# WORK REQUEST
When you reach the line containing "Pride Center Board", begin reproducing the material exactly, stop after the line containing "Spacious living room", and leave out any pictures along the way.

Start of Block

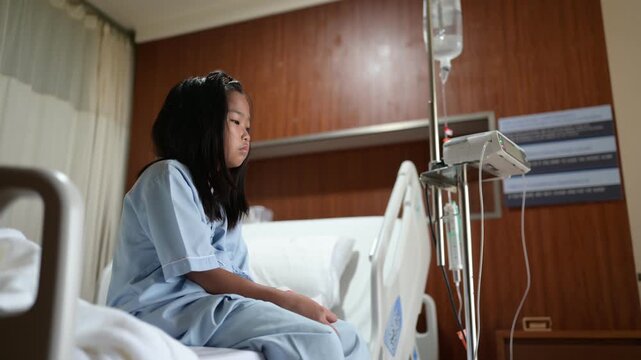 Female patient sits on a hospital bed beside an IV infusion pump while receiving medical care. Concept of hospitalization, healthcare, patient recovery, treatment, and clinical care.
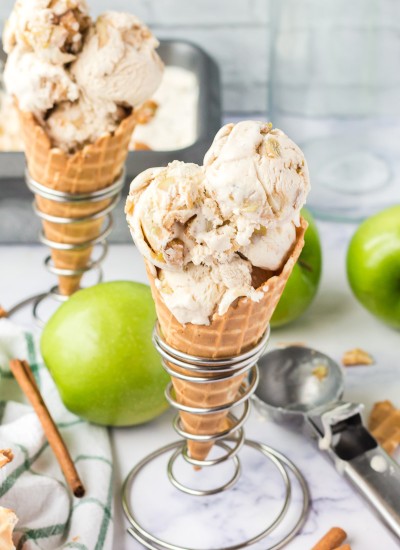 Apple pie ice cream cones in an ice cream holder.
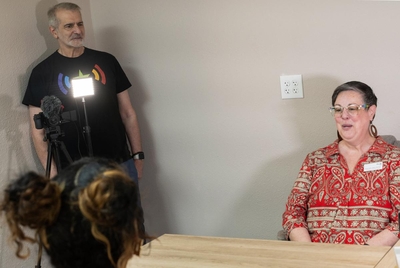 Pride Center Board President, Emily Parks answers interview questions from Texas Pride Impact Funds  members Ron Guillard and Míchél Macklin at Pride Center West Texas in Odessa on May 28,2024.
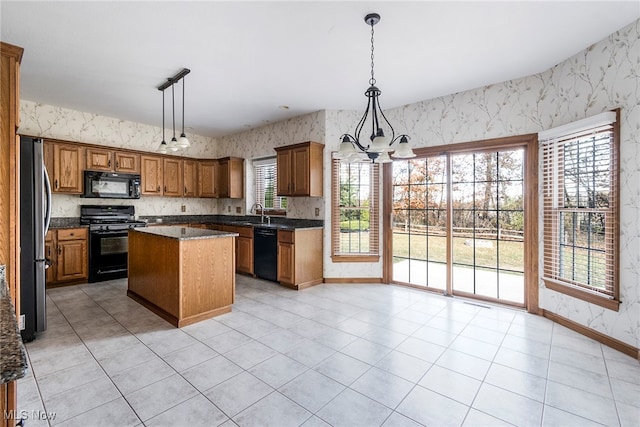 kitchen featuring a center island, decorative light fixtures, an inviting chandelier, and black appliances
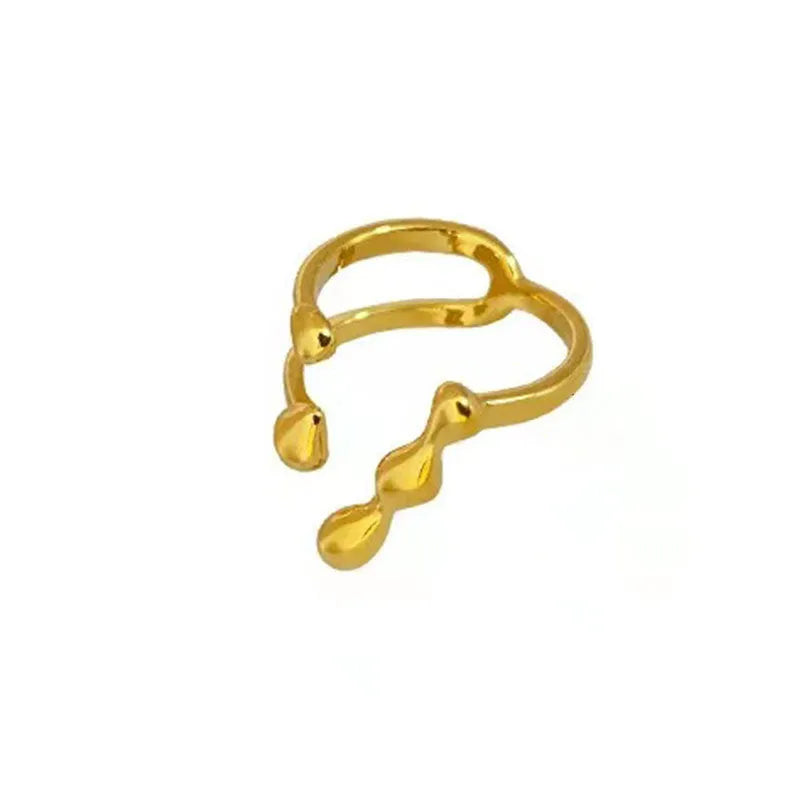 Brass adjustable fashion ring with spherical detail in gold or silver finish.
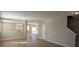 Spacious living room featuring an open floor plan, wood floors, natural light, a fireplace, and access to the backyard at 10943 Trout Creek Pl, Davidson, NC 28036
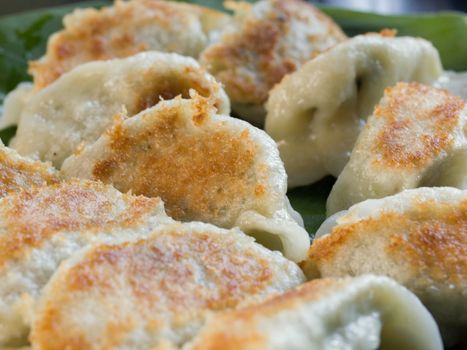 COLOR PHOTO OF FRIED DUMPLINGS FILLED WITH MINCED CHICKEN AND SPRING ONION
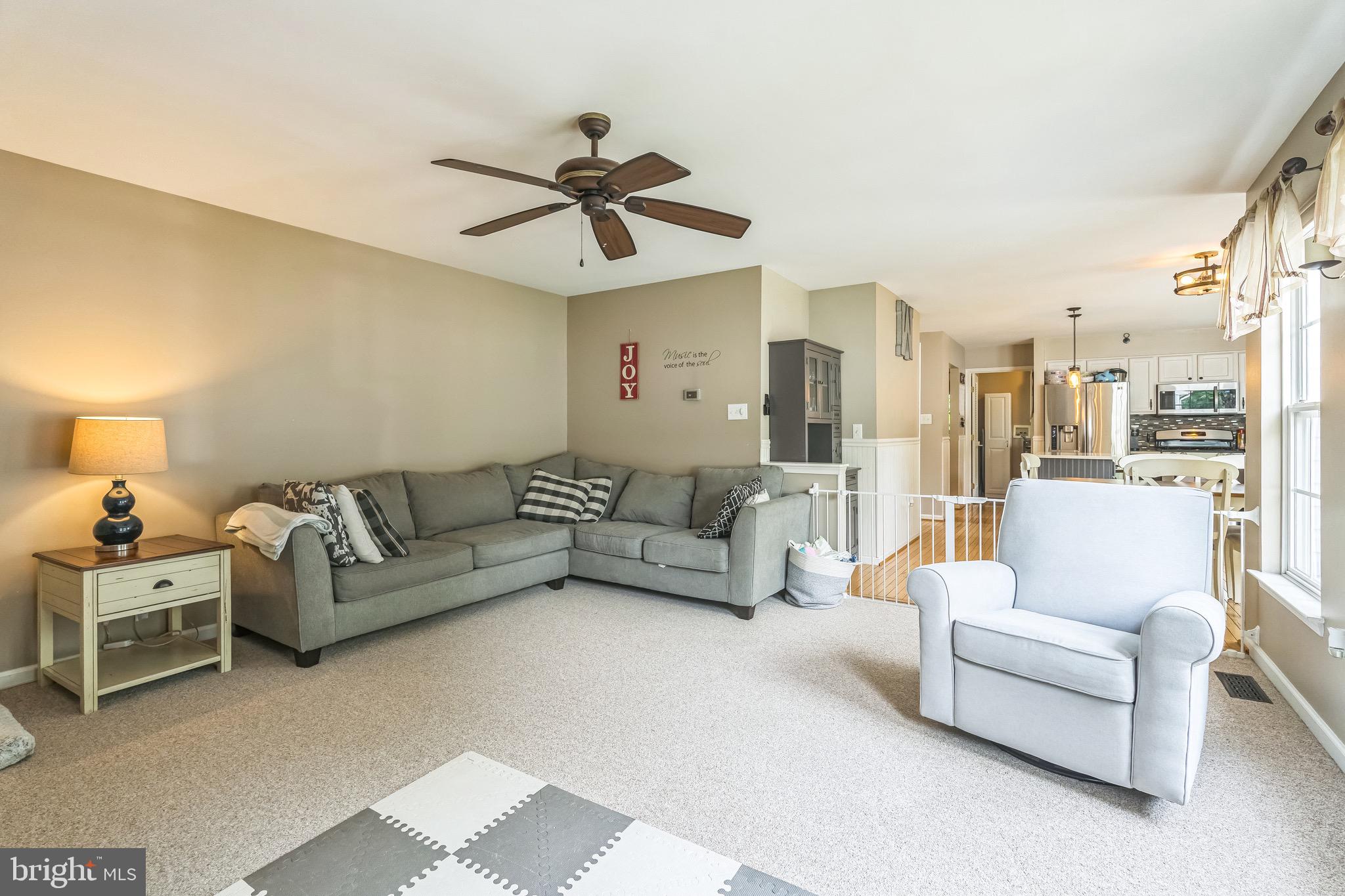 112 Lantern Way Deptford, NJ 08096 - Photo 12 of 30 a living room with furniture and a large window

End of Block

# OUTPUT OF THE EXERCISE
 Pride Center Board President, Emily Parks answers interview questions from Texas Pride Impact Funds  members Ron Guillard and Míchél Macklin at Pride Center West Texas in Odessa on May 28,2024.
 kitchen featuring a center island, decorative light fixtures, an inviting chandelier, and black appliances
 Brass adjustable fashion ring with spherical detail in gold or silver finish.
 Spacious living room featuring an open floor plan, wood floors, natural light, a fireplace, and access to the backyard at 10943 Trout Creek Pl, Davidson, NC 28036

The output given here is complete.